Bees and Beyond: Informative Interview with Stephen Burney from Hudson Hives
We visited the amazing beekeeper and intelligent resource, Stephen Burney, at his hives to conduct an interview. We're sure you'll learn something new!
Girl Scout Troop 72814: Why did you decide to start an apiary?
Stephen Burney: I always wanted to have bees. My uncle and cousins in Ireland- well, mainly my cousins- they had hives. That planted the seed. Had I known then what I know now, I would have started 20 years ago. I was concerned where I previously lived- it was kind of like the downtown Hudson area, the houses are very close together- and I wasn't knowledgeable of bees and what they do. I was very reluctant until I moved here and there's more open space to have a hive. That is totally wrong. You can be very dense. Cities have hives on their rooftops. There is a zen quality. I would be a farmer if I could pay the mortgage with it. It all ties back to Ireland and doing it as a kid, and helping out in my family's farm- my uncle's farm. At that time (I was probably your age) I hated it. But that type of work- it's fun work. It's good honest work. It's not sitting behind a desk with a computer in an office on a nice, beautiful day- you're outside. I like the whole harvesting aspect of it. I like to watch the bees. It's a lot of work to have beehives. I give up my weekends, I give up my Springs, and I give up my Falls. But what you saw today- when you come out and you get 150 pounds of honey from one hive- keep in mind, 40 hives, that's a lot of honey. It's nice. And I know where it comes from. I know how I treated my hive. There's no adulterated, watered down corn syrup in my honey. It is exactly how it came from the hive in that bottle, so I really like that. That's what I like about it.
GST: What are the biggest threats to bees today?
SB: Pesticides definitely are a problem for bees. It affects their neurological systems with its accumulative effect. So pesticides may not hurt this hive, but the generations to follow could have issues from the pesticides. But in my opinion, the number one problem for hives in losing hives and the collapse of hives is the varroa mite. It's like a tick on a dog. If you don't treat for mites, you won't have hives next year. And there's a debate among beekeepers: let nature take care of it, but commercial guys say they'll be out of business. There's different ways to treat for the mite. Formic acid is the one we use. It's a mite quick strip that you put in the hive during certain temperature ranges. It's like putting an apple in a brown paper bag, letting it rot, and then opening the bag. That smell is formic acid. It's not 100% foolproof for the bee. Bees could die. But the long-term benefit outweighs the short-term loss. The mite was imported from China to the U. S. about 20 years ago. New Zealand was finally the last place it spread to. Now everywhere in the world has varroa mites. And there's all debates: Let nature handle it, don't let the pharmaceutical bee companies intrude, you'll have to buy medicine every year. But I've found if you don't treat for mites you won't have bees next year. And they're very aggressive. They'll jump on and infect the neighboring hive. If your neighbor doesn't treat, it's a mite-bomb waiting to go off. I'd say that's the number one issue for bees.

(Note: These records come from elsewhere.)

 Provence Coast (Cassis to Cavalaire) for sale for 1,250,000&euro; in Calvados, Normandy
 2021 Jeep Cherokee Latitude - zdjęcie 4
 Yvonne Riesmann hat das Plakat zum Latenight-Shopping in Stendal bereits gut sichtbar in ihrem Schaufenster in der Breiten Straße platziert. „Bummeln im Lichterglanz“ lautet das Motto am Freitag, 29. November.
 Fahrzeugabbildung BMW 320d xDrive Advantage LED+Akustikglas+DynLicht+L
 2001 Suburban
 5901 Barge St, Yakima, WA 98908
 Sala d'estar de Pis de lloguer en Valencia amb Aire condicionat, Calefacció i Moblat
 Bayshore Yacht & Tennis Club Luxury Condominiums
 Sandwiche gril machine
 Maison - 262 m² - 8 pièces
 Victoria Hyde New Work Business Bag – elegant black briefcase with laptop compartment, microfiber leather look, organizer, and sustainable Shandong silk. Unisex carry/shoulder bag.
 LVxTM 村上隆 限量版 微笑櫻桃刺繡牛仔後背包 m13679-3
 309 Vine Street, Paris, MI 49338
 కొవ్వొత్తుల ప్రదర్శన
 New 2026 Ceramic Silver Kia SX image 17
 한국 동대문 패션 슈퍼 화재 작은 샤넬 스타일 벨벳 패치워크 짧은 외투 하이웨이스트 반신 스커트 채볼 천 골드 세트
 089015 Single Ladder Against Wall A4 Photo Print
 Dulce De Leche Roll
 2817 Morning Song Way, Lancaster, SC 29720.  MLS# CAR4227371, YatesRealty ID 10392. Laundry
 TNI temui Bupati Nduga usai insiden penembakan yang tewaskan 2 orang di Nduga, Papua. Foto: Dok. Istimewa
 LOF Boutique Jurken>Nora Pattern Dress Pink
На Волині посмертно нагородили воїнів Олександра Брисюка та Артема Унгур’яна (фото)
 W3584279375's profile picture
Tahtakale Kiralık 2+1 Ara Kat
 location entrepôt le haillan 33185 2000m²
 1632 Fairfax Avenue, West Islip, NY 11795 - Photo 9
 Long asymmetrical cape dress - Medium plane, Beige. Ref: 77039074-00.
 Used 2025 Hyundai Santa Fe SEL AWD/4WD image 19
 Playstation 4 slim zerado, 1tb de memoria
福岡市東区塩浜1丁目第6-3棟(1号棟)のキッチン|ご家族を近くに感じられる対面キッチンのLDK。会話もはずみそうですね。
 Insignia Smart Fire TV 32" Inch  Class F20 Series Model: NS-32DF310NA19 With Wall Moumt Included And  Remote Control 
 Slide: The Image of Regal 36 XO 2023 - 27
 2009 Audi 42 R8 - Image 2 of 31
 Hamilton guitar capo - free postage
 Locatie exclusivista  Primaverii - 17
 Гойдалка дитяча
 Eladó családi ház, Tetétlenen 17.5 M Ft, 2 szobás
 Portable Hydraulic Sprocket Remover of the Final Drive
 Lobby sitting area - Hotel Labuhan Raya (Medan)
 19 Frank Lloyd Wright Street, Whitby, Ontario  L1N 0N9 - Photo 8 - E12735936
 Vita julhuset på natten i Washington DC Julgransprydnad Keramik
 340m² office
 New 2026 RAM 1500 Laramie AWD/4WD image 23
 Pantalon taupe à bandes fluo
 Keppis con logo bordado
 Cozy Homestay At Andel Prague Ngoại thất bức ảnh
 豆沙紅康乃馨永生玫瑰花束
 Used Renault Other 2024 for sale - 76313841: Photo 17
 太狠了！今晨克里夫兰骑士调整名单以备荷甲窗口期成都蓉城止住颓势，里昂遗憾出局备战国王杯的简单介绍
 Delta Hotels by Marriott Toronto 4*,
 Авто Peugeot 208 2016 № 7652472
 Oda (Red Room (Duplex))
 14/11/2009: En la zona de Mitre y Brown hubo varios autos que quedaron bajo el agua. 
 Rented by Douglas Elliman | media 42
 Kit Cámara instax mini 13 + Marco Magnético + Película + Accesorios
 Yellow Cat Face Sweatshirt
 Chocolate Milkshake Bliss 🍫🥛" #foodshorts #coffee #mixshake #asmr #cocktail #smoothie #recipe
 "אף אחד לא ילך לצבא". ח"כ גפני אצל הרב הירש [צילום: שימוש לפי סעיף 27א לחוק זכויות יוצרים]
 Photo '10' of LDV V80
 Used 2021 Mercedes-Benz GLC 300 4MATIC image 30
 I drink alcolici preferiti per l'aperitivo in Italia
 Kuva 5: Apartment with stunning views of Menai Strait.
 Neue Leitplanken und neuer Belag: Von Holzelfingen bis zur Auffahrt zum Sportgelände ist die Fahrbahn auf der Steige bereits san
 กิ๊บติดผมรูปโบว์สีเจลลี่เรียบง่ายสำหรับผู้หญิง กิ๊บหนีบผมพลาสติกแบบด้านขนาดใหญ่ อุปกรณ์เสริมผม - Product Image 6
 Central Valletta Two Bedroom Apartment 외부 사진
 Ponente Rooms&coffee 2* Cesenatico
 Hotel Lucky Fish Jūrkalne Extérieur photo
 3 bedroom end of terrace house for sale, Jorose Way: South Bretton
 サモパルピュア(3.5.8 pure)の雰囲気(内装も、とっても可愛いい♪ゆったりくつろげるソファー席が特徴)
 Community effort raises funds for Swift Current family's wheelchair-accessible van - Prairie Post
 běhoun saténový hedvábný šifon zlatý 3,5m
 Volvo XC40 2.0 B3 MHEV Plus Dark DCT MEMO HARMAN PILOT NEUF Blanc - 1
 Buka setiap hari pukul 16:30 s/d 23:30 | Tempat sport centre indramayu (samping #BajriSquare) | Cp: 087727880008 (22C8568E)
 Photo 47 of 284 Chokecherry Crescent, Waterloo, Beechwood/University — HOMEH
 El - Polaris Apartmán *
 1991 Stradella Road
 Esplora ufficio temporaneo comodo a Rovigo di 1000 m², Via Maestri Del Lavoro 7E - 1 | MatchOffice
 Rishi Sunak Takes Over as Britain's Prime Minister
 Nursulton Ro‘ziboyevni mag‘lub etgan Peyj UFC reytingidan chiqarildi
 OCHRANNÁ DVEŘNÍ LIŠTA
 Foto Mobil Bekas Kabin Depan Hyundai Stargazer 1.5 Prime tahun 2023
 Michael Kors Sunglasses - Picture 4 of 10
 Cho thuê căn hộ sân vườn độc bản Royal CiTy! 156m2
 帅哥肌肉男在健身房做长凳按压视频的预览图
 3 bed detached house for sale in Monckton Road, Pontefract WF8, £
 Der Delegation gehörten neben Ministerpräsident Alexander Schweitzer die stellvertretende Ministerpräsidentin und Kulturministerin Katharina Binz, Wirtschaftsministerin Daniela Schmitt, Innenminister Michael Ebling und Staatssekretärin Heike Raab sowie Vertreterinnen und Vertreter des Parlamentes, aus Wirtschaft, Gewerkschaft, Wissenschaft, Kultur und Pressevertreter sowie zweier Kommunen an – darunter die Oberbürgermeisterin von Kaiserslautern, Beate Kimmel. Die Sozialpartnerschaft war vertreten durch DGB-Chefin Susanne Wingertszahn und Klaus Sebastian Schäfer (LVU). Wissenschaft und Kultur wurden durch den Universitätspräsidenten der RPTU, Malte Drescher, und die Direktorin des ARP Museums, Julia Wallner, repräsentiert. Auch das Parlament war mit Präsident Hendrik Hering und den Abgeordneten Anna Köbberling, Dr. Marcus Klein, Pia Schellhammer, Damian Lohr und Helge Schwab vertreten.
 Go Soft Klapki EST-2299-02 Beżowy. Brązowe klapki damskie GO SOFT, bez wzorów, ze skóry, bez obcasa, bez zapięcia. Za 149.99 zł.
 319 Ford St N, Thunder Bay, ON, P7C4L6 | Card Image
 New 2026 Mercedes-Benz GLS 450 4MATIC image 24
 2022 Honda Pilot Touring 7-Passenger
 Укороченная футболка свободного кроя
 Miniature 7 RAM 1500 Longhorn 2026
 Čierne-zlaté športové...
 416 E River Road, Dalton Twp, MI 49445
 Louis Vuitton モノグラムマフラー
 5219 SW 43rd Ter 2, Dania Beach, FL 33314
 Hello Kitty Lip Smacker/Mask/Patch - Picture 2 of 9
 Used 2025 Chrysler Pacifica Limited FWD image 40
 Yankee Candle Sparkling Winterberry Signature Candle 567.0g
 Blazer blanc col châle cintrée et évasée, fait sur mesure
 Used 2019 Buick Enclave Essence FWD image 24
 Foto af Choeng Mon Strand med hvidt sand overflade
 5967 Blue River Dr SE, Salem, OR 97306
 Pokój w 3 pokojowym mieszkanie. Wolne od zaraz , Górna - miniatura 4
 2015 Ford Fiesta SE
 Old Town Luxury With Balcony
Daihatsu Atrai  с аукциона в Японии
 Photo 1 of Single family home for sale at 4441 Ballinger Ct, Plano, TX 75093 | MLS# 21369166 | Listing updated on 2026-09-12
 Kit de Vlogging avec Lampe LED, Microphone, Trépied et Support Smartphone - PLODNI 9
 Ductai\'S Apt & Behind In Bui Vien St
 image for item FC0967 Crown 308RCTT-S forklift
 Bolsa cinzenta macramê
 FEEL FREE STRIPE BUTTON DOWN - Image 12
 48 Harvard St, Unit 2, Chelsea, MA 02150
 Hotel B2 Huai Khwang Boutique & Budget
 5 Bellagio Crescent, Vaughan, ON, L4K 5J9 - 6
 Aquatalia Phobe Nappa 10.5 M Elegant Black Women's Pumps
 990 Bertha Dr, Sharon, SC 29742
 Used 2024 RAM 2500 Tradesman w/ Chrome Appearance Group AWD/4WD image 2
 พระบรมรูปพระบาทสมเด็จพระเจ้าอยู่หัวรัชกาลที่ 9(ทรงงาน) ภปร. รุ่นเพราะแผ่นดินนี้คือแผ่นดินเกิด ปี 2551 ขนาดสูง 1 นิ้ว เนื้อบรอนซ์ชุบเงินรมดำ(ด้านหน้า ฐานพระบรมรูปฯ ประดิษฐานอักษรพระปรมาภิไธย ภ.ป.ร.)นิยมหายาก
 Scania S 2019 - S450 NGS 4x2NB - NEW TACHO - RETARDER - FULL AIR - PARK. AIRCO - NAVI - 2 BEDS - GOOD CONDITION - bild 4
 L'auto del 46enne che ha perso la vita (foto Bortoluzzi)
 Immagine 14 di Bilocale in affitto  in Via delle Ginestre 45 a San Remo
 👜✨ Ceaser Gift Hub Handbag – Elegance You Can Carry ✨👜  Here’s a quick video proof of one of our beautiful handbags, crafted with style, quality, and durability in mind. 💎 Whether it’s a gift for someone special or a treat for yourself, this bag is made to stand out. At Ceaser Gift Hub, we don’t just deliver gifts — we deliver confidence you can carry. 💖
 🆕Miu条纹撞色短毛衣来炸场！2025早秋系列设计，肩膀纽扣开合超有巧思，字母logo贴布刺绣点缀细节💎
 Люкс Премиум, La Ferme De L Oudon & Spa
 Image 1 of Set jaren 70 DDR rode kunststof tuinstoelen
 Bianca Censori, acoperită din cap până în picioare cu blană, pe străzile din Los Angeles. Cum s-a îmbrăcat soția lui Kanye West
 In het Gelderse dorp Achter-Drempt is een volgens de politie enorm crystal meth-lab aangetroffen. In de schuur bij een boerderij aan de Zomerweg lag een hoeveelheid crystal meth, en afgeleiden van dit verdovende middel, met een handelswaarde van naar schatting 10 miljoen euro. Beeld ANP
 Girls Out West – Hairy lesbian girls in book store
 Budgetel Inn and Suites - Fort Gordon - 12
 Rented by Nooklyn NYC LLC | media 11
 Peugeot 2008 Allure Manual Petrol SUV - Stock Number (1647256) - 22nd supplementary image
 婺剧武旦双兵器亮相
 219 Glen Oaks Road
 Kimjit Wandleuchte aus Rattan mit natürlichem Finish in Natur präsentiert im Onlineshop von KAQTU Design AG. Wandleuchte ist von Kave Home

GST: What are some steps you can take to help bees at home!
SB: In the summertime, you can have an area in your yard with wet ground. It's bad for mosquitoes, but it helps bees. They go to people's pools and then they fall in and drown. But if you have a wet area on the ground- even under a dripping hose- when it's really dry and there's no natural water, that's a step someone could take to help out bees. Oh, and the best thing? Become a beekeeper!
GST: What flower species do you recommend?
SB: I recommend letting your oregano, mint and other plants go to bolt. That's a good food source for bees. I also recommend catmint (catnip), salvia, butterfly bush, and alium.
Stephen Burney also recommended letting dandelions and clover grow on your lawn for the forage and nourishment of bees, mowing your lawn every two weeks instead of every week, not using chemical sprays including pesticides and herbicides, and making a bee bath. To make a good bee bath, use water mixed with dirt and float cork or wood chips on top. Burney noted that bees like dirty water more than plain water because it gives them additional nutrients. Many thanks to Mr. Burney for his wonderful interview, and we heartily recommend his delicious honey!